The QQPLOT statement creates a quantile-quantile plot (Q-Q plot), which compares ordered values of a variable with quantiles of a specified theoretical distribution such as the normal. If the data distribution matches the theoretical distribution, the points on the plot form a linear pattern. Thus, you can use a Q-Q plot to determine how well a theoretical distribution models a set of measurements.

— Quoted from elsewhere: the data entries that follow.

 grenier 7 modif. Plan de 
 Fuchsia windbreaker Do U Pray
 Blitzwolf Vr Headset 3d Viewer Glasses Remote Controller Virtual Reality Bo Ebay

You can specify one of the following theoretical distributions with the QQPLOT statement:
beta
exponential
gamma
Gumbel
three-parameter lognormal
normal
generalized Pareto
power function
Rayleigh
two-parameter Weibull
three-parameter Weibull
You can use options in the QQPLOT statement to do the following:
specify or estimate parameters for the theoretical distribution
display a reference line corresponding to specific location and scale parameters for the theoretical distribution
request graphical enhancements
You can also create a comparative Q-Q plot by using the QQPLOT statement in conjunction with a CLASS statement.
You have three alternatives for producing Q-Q plots with the QQPLOT statement:
ODS Graphics output is produced if ODS Graphics is enabled, for example by specifying the ODS GRAPHICS ON statement prior to the PROC statement.
Otherwise, traditional graphics are produced by default if SAS/GRAPH® is licensed.
Legacy line printer charts are produced when you specify the LINEPRINTER option in the PROC statement.
See Chapter 3: SAS/QC Graphics, for more information about producing these different kinds of graphs.
Note: Q-Q plots are similar to probability plots, which you can create with the PROBPLOT statement (see PROBPLOT Statement: CAPABILITY Procedure). Q-Q plots are preferable for graphical estimation of distribution parameters and capability indices, whereas probability plots are preferable for graphical estimation of percentiles.